TASK DETAILS: Within the entries below, the lines from the one with "Desert Diamond Denim" through the one with "με Αντιολισθητική Β..." are to be set down exactly, both ends kept.

RECORD EXCERPTS:
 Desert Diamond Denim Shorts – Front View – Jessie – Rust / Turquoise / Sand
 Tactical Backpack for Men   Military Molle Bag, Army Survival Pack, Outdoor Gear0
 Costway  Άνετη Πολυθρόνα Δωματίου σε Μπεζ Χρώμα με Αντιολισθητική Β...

* * *

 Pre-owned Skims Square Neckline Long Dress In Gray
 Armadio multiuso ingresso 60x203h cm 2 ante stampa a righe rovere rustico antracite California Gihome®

---

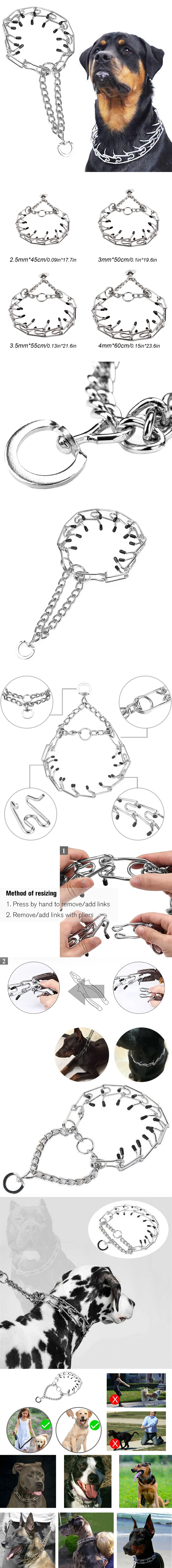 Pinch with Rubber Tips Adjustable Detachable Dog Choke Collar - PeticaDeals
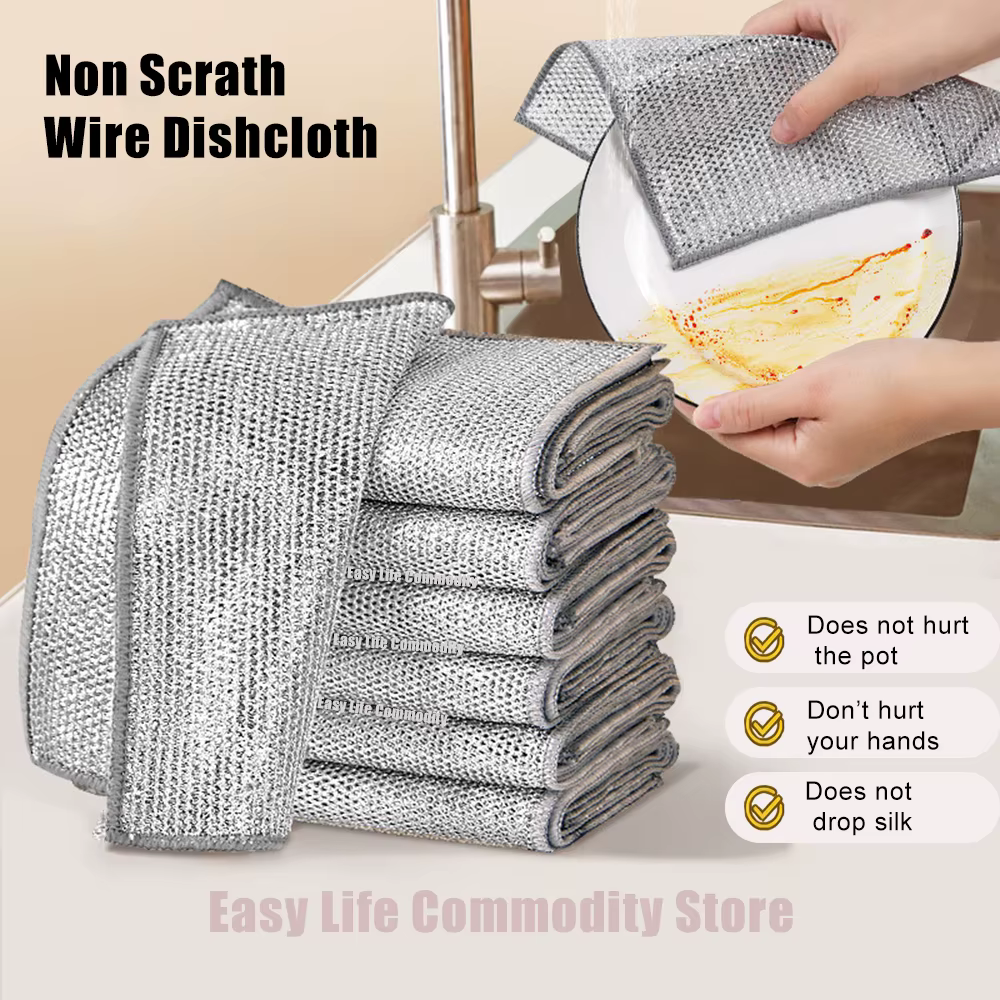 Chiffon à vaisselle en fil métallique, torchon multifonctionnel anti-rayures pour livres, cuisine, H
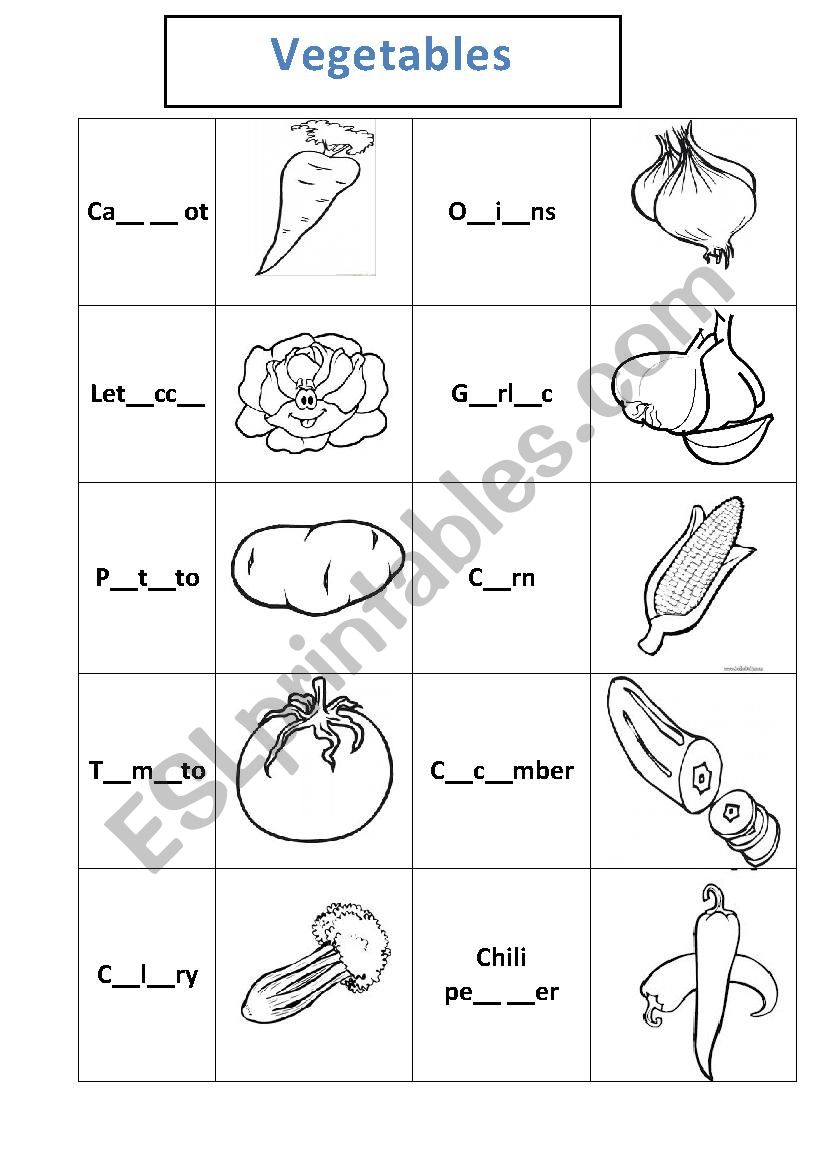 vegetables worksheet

EXERCISE ANSWER:
 Desert Diamond Denim Shorts – Front View – Jessie – Rust / Turquoise / Sand
 Tactical Backpack for Men   Military Molle Bag, Army Survival Pack, Outdoor Gear0
 Costway  Άνετη Πολυθρόνα Δωματίου σε Μπεζ Χρώμα με Αντιολισθητική Β...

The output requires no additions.